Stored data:
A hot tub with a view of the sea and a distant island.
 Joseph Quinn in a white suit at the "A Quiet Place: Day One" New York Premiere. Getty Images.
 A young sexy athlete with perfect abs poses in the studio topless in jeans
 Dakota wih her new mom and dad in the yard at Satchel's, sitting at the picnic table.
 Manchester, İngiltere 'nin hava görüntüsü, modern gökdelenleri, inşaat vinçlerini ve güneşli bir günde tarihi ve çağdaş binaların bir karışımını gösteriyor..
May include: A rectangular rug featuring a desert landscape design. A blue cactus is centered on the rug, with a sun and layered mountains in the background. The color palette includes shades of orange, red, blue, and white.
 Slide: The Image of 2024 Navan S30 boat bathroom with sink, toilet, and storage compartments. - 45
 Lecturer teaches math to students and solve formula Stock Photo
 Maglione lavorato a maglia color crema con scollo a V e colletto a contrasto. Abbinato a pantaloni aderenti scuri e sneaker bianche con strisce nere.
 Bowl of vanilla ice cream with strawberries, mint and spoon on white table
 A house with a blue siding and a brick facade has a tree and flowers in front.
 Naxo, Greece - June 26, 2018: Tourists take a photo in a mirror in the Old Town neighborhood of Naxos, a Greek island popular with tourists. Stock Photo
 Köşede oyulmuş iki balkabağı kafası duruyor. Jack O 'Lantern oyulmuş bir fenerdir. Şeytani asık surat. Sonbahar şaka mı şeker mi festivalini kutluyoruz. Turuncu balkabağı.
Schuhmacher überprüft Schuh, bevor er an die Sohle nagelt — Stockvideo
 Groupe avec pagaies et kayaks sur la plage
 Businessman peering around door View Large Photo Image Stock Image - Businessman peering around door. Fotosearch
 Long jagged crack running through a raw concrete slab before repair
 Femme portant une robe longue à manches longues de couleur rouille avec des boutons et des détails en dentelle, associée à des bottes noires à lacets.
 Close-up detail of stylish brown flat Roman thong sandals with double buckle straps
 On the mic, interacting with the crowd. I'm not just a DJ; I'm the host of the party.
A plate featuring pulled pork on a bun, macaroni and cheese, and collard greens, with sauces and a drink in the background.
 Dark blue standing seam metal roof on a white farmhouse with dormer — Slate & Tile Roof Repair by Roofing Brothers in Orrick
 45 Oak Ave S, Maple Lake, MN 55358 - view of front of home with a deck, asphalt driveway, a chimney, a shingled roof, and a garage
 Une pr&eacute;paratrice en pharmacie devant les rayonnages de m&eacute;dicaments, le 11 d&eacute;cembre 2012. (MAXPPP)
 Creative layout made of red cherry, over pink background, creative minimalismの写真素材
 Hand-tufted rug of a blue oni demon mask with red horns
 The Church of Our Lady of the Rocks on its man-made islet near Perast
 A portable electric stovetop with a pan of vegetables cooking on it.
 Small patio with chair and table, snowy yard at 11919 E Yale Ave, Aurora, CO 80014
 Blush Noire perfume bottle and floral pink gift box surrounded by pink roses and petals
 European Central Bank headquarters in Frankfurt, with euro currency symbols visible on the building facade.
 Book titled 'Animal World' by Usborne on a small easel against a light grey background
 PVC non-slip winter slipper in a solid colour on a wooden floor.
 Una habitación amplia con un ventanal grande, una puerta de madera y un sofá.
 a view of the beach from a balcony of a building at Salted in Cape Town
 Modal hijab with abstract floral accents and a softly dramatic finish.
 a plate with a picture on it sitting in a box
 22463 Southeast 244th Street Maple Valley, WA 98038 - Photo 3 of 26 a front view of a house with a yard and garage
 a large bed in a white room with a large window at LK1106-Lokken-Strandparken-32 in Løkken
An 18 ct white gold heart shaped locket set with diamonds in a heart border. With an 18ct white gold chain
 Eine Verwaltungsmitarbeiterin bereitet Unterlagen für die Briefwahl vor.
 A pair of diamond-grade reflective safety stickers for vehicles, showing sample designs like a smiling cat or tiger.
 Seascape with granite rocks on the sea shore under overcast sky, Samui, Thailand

◆ **Exercise goal**
Please go through the data above and copy each line that has the word "Town".

◆ **Solution to the exercise**
 Naxo, Greece - June 26, 2018: Tourists take a photo in a mirror in the Old Town neighborhood of Naxos, a Greek island popular with tourists. Stock Photo
 a view of the beach from a balcony of a building at Salted in Cape Town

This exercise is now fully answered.